South Africa’s banks have suffered tens of millions of rand in losses due to a major breach of customer card data by criminal syndicates that infected electronic point-of-sale (POS) terminals using a variant of malicious software called Dexter.

It’s not known exactly how many POS terminals were infected by the malware, but the problem is believed to have been widespread in the fast-food industry. It’s understood from a source with knowledge of the situation that chicken fast-food chain KFC has been particularly hit hard by the Dexter infection.

The South African Police Service (SAPS), Interpol and Europol are all involved in a multinational investigation to bring the syndicate or syndicates responsible for the data breach to book. South Africa’s banking risk intelligence centre, Sabric, is managing the forensic investigation and working with the SAPS, where a case docket has been opened. No South African suspects have been arrested so far.

Payments Association of South Africa CEO Walter Volker confirms to TechCentral that the breach, which affects most of South Africa’s card-issuing banks, is significant — running into tens of millions of rand — and is at least on a par with an incident last year involving payments company PayGate, in which thousands of cards were compromised. The Dexter incident, however, affects a “broader environment”, Volker says.

South Africa’s banks first noticed “unusual levels of suspected fraud” starting to occur at “certain fast-food outlets” earlier this year, Volker explains. “This highlighted reasons for concern, although the numbers were still low.”

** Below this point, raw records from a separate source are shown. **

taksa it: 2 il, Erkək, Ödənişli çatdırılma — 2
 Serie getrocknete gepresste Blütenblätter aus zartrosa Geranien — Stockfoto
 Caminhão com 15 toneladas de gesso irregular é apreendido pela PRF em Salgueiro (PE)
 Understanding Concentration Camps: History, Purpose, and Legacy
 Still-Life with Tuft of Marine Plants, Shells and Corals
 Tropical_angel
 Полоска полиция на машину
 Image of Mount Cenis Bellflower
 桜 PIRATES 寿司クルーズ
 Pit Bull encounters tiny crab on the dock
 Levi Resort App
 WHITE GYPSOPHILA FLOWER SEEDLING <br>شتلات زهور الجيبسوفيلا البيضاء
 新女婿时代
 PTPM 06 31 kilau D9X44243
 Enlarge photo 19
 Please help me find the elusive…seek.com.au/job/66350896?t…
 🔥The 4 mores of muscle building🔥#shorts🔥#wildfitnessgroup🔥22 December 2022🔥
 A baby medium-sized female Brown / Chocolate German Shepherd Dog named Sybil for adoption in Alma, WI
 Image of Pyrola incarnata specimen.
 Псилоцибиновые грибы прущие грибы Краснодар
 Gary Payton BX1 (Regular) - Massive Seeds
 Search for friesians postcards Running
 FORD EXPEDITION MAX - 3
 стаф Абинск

However, a forensics company was appointed to begin analysing “some of these incidents”. An incident response committee was created, consisting of all the affected, card-issuing banks, as well as global payments companies Visa and MasterCard. The committee has worked “through 99% of the issues” and is now in the process of “cleaning up and keeping a list of possible new incidents”.

“It took quite a while to get to the bottom of [this incident], because it was not the standard Dexter malware, which has been around for a while, and which many antivirus software programs can pick up,” Volker says. “This one was a variant that was changed to [avoid detection] by the antivirus software.”

He explains that the infection came from overseas, possibly involving a syndicate based somewhere in Europe. “That’s still part of ongoing investigation.” He’s also reluctant to disclose how the breach occurred until the investigation has been concluded.

Specialist security firm Foregenix was commissioned to investigate and develop antimalware software to deal with the Dexter variant. This software was provided to all of the fast-food outlets suspected of using infected POS devices, says Volker, leading to a rapid decline in the number of reported incidents after it was deployed.

Volker explains that when a bank customer presented their card at a fast-food outlet and it was swiped, malware hidden in an infected POS terminal would read the customer’s card number and send this to an international syndicate. Typically in these situations, the syndicate then sells the numbers to another syndicate, which then produces plastic cards that can be used in physical stores. Because the “card verification value” security numbers on the backs of the cards were not compromised, criminals were not able to use the cards to buy online goods and services.

Volker says authorities have already picked up incidents of South African card numbers, compromised by the Dexter variant-infected POS terminals, being used to make in-store purchases in the US. This has led to arrests.

But he says South African banking customers should not panic. “All the fast-food retailers have been cleaned out as far as possible,” he says. “We’re still looking at some sites that are questionable, but they are a very small minority. I don’t think there’s any need for panic or concern at this stage and certainly no one will be out of pocket [as the banks will honour losses].”

Banks won’t necessarily replace compromised cards, Volker adds, saying that they’ll simply be closely monitored for fraudulent activity. Banks will be alerted automatically if transactions take place outside the country and customers queried immediately as to whether they’ve made the purchase or not. “We haven’t had anyone making fraudulent cards domestically based on this. At this stage, the thing is really well under control,” he says.

“I don’t think there’s any reason for concern, but obviously if you detect something on your statement that you don’t recognise, you should contact your bank immediately,” he says. “And any person who doesn’t have a chip card should ask their bank to replace their mag-stripe card with a chip card.”